> [ACTION ITEM]:
When you have read the listing, copy all of it without any change.

> [DATA PROVIDED]:
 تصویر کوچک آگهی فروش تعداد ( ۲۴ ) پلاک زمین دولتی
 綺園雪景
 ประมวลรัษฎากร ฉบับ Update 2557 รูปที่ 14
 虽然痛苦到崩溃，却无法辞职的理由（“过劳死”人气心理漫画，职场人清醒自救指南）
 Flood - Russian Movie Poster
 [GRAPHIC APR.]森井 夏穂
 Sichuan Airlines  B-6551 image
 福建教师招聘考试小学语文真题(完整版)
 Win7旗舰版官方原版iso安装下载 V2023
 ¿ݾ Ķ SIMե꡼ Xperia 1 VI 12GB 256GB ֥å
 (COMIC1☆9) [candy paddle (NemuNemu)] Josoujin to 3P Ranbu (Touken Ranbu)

> [ANSWER TO THIS EXERCISE]:
 تصویر کوچک آگهی فروش تعداد ( ۲۴ ) پلاک زمین دولتی
 綺園雪景
 ประมวลรัษฎากร ฉบับ Update 2557 รูปที่ 14
 虽然痛苦到崩溃，却无法辞职的理由（“过劳死”人气心理漫画，职场人清醒自救指南）
 Flood - Russian Movie Poster
 [GRAPHIC APR.]森井 夏穂
 Sichuan Airlines  B-6551 image
 福建教师招聘考试小学语文真题(完整版)
 Win7旗舰版官方原版iso安装下载 V2023
 ¿ݾ Ķ SIMե꡼ Xperia 1 VI 12GB 256GB ֥å
 (COMIC1☆9) [candy paddle (NemuNemu)] Josoujin to 3P Ranbu (Touken Ranbu)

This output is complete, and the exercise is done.